En sorte que nous sommes ramenés à une dernière explication, que l’examen précédent rendait déjà probable : celle qui met la conscience psychologique en relation de dépendance avec le phénomène obligatoire, et de dépendance telle qu’elle ne serait autre que de condition à résultat.
d) La conscience par effort sur l’obligation.
Nous croyons, avec le volitionnisme, que le phénomène constitutif du moi et de la conscience du moi est un effort, mais nous croyons que c’est un effort moral et non psychologique seulement. Nous croyons, avec le volitionnisme, que l’obstacle sur lequel s’exerce cet effort est interne, mais nous le plaçons ailleurs que dans la spontanéité organique : dans la limite imposée au moi virtuel (volonté inconsciente) par l’expérience obligatoire. Cette limite — et par conséquent cet obstacle — n’est point historique et temporaire, comme la spontanéité organique. Elle est constamment actuelle comme l’action elle-même qui l’impose. Elle n’a ni passé, ni avenir, elle est toujours actuelle ; elle est donc supra-historique, c’est-à-dire éternelle comme elle est absolue. Elle garantit donc une conscience et un moi supra-historique et éternel. — De plus elle n’est point contraignante, mais obligatoire. Elle garantit donc, dans le facteur objectif comme dans le facteur subjectif du moi conscient, la liberté nécessaire à la conscience. En d’autres termes : pour que la virtualité personnelle et consciente arrive à l’actualité personnelle et consciente, en vienne à se concevoir comme distincte des choses et supérieure aux choses, comme supérieure à son organisme historique lui-même, à se saisir dans l’intégrité inviolable et dans l’unité identique de son for intime, il faut, mais il suffit, qu’elle soit le sujet d’une expérience (contact) antécédente et supérieure à celle du monde externe, antécédente et supérieure à celle de son organisme vivant, d’une expérience (contact) unique, constante, toujours actuelle, toujours semblable à soi, qui l’arrête sans la rompre, l’affecte sans l’écraser, et l’atteigne conformément à sa nature essentielle, c’est-à-dire en respectant sa liberté personnelle. Cette expérience est précisément celle de l’obligation. C’est elle qui, par l’empreinte souveraine qu’elle pose sur la volonté encore instinctive, fournit l’obstacle, la limite absolue, mais non contraignante, sur laquelle s’exerce l’effort constitutif du moi conscient.

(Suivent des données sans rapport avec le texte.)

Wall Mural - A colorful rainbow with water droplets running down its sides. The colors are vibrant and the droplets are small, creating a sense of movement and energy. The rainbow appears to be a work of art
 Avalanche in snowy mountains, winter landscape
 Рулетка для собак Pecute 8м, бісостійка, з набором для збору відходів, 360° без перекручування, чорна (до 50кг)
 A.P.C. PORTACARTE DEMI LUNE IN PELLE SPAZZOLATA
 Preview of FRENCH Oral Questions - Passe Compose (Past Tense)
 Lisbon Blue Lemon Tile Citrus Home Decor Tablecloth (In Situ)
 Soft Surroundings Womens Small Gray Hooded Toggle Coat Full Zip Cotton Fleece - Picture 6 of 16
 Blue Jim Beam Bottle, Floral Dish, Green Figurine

L’obligation est donc l’un des facteurs génétiques du moi et de la conscience du moi. Le moi est dans une relation de dépendance relativement à l’expérience imposée ; la conscience psychologique est dans la dépendance de la conscience de l’obligation ou du devoir. Ce qui est d’ailleurs parfaitement conforme à la nature de l’une et de l’autre. L’homme n’est pas seulement sujet du devoir ; il en est le produit, le résultat, la créature, avant d’en être l’agent. Et il ne peut en être l’agent que parce qu’il en est la créature. S’il n’en était pas le fils, il ne pourrait qu’en être l’esclave ; mais il en est le fils ; il en est donc aussi l’héritier.